Stewart Parnell, president of the Peanut Corporation of America, also pressed federal regulators to allow him to continue using peanuts from the tainted plant and shipped contaminated products to customers with a homemade certificate that falsely attested to their purity, according to e-mails and memos made public Wednesday at a hearing of the House Commerce and Energy Committee.
Parnell, whose company is at the center of a massive food contamination scandal and federal criminal investigation, was compelled by subpoena to appear before lawmakers but refused to answer questions.
The e-mails and records also showed how Parnell repeatedly tried to get around internal laboratory tests that showed salmonella contamination by sending the samples to a different laboratory for new tests. When confronted with a positive reading for salmonella in October, instead of destroying the product – a standard industry response – Parnell sent it to a different lab and then complained about the delay.
“The time lapse, besides the cost is costing us huge $$$$$,” Parnell wrote in an October e-mail to plant manager Sammy Lightsey.
In another e-mail between Parnell and Lightsey, the manager reported that samples from the plant taken on Aug. 11 tested positive for salmonella but had been sent to another laboratory and received a negative result. “Okay, let’s turn them loose then,” Parnell wrote.

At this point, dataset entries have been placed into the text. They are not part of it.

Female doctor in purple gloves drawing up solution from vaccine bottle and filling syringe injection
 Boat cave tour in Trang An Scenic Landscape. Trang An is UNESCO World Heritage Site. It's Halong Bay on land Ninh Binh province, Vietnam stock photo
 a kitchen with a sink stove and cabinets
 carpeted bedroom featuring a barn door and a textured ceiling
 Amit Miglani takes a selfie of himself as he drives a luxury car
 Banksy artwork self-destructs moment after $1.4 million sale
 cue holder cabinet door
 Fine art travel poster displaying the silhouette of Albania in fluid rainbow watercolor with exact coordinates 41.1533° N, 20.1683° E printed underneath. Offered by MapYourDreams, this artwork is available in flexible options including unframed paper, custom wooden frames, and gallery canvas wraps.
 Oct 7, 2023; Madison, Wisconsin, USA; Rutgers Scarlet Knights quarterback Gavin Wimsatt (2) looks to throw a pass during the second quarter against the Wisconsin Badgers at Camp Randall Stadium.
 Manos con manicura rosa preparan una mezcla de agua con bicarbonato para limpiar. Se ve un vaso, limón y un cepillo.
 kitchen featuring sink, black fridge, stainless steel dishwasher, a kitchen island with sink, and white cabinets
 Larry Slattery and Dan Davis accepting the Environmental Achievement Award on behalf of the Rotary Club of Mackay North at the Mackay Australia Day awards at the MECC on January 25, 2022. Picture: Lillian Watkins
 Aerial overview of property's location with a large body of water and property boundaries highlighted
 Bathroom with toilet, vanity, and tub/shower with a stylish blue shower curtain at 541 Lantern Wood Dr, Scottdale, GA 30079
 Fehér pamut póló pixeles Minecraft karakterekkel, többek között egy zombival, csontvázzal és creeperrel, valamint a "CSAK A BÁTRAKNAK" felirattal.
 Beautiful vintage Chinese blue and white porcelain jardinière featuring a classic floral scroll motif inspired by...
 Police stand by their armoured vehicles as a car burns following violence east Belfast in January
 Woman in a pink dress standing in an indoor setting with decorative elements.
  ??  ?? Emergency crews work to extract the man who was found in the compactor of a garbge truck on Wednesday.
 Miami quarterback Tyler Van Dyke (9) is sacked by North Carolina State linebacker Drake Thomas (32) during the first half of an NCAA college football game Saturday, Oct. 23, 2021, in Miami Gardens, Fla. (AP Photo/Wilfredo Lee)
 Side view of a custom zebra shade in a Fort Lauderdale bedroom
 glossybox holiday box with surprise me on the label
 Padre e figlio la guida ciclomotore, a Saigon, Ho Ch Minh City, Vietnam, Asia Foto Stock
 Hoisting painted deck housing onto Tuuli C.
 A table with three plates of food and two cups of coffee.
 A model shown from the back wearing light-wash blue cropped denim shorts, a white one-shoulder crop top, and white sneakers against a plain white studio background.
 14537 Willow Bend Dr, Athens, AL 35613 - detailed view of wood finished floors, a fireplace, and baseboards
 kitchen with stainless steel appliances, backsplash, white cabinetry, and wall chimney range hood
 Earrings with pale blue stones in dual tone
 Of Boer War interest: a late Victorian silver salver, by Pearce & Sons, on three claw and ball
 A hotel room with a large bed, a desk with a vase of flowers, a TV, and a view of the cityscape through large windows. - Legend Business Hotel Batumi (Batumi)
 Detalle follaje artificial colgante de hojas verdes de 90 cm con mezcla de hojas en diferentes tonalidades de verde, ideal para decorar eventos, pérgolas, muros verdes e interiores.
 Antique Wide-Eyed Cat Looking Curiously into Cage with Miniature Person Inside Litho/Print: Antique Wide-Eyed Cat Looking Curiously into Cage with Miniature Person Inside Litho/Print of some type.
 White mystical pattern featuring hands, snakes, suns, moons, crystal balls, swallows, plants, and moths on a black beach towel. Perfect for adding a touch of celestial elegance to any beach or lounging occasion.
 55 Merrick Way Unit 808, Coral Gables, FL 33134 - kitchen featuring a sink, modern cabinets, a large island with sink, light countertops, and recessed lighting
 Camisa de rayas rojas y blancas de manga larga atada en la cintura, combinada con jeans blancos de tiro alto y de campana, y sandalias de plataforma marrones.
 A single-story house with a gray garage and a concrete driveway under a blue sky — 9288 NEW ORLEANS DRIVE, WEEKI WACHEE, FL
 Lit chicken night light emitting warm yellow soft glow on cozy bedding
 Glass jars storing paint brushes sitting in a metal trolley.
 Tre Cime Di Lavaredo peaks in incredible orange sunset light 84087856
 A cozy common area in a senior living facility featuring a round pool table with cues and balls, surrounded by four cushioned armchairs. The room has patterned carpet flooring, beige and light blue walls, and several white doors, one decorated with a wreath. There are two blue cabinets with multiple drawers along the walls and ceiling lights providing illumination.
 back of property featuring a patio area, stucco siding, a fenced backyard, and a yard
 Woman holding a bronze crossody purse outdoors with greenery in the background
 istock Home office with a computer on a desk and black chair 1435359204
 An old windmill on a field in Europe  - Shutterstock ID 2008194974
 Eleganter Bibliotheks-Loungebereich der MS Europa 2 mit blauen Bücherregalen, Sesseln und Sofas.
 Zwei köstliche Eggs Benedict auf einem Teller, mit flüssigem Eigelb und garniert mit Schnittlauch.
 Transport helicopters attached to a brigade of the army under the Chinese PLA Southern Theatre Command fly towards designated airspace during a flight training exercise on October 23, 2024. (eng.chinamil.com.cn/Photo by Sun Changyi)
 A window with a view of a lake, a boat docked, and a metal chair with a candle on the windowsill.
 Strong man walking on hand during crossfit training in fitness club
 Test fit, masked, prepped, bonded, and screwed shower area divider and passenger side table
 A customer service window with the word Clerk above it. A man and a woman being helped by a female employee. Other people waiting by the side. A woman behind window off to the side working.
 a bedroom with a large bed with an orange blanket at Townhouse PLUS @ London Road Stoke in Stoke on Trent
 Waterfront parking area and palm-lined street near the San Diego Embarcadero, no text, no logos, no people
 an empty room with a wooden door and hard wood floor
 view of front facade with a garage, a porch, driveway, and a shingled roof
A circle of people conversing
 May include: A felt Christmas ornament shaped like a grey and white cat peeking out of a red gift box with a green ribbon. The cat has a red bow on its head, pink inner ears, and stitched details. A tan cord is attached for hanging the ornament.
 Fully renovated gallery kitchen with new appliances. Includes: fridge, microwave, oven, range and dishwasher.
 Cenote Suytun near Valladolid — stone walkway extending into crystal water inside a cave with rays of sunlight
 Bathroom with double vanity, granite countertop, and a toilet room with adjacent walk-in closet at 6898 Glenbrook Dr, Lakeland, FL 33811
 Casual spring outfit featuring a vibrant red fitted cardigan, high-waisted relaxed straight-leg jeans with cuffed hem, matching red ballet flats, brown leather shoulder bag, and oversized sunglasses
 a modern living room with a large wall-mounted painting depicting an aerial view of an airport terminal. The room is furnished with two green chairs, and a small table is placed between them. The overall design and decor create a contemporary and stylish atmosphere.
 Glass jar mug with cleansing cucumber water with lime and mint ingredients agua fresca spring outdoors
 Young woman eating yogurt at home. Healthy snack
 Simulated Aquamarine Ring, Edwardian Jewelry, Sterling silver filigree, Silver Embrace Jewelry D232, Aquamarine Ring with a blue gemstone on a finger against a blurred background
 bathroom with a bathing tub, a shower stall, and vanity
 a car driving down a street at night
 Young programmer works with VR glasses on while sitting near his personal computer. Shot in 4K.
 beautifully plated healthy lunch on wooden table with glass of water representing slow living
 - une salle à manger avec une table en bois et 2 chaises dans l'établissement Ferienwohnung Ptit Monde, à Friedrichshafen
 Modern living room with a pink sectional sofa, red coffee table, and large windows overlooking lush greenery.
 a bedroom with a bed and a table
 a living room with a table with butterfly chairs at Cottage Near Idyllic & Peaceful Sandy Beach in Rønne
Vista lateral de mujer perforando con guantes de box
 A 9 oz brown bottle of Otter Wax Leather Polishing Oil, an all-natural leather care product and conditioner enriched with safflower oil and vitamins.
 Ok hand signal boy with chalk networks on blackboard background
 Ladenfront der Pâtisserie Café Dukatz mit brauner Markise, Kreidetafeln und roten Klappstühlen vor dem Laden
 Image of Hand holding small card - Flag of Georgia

Federal regulators at the hearing called Parnell’s actions “unconscionable”; several lawmakers called them criminal.
“This is a company that cared more about the financial bottom line than it did about the safety of its customers,” said Rep. Henry Waxman, D-Calif., the committee chairman.
The committee dismissed Parnell Wednesday after it was clear he would not answer its questions.
The death toll from the outbreak rose to nine Wednesday as health officials linked the death of an Ohio woman to the ongoing outbreak that has sickened at least 600 people since September.